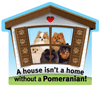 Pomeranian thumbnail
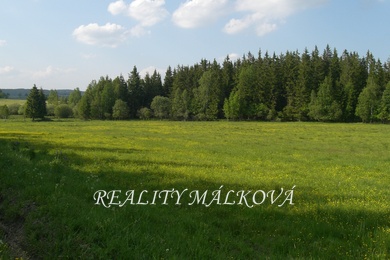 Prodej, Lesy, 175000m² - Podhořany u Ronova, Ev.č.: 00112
---
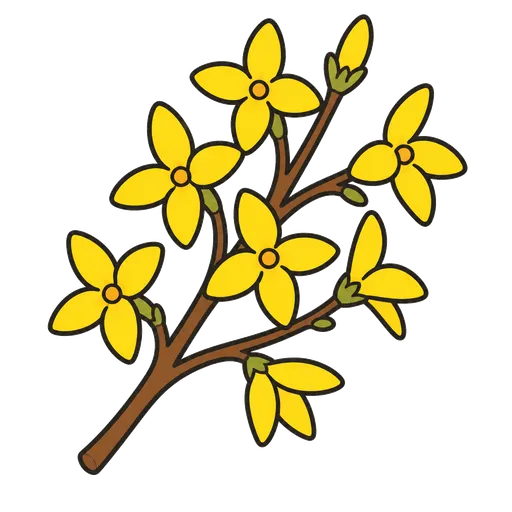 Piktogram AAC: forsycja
---
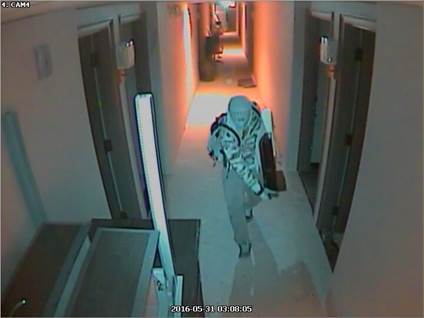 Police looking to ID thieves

◆ **Exercise instructions**
Of all the material above, only the lines from the one that has "Pomeranian thumbnail" down to the one that has "Prodej, Lesy, 175000m²" are to be written out, exactly and with both ends included. Pictures are skipped.

◆ **Solution to the exercise**
 Pomeranian thumbnail
 Prodej, Lesy, 175000m² - Podhořany u Ronova, Ev.č.: 00112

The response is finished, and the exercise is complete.